TASK DIRECTIONS: In the entries below, find the line with "Colgate Junior Dentifrice Menthe Douce" and the line with "Vente maison 3 pièces"; copy them and every line between them exactly, but not the pictures.

RECORDS PROVIDED:
___

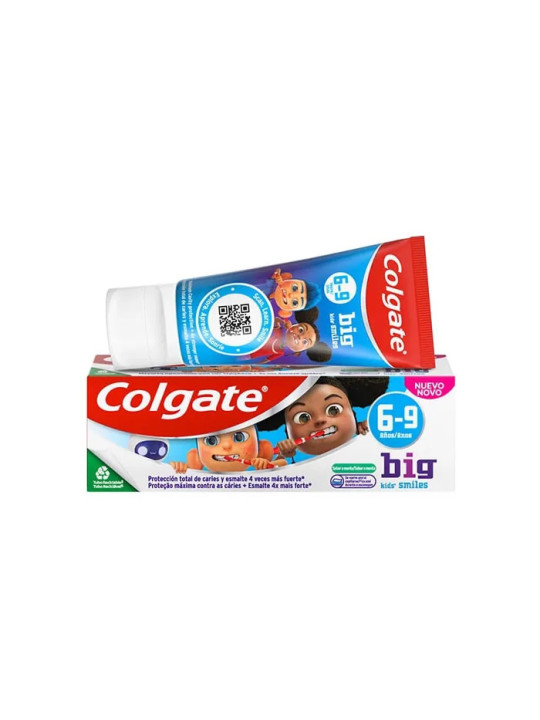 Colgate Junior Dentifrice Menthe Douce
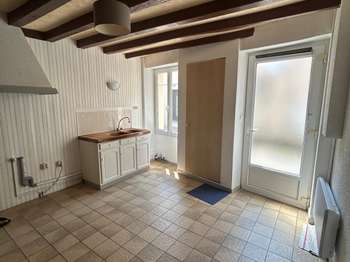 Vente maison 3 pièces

___

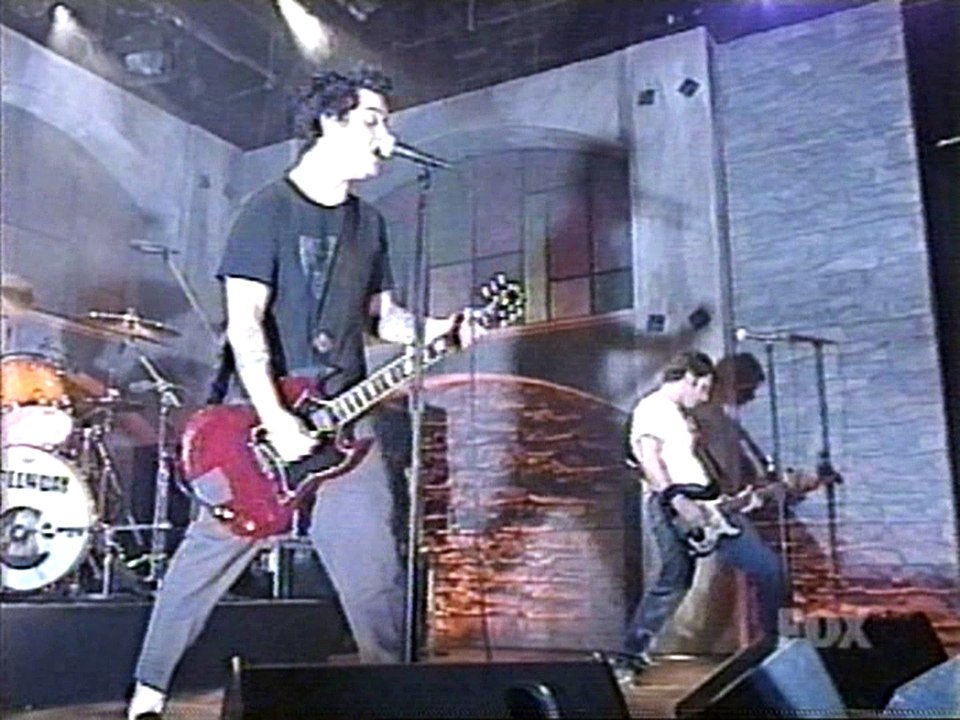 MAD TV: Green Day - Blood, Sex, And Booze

___

ANSWER SPACE:
 Colgate Junior Dentifrice Menthe Douce
 Vente maison 3 pièces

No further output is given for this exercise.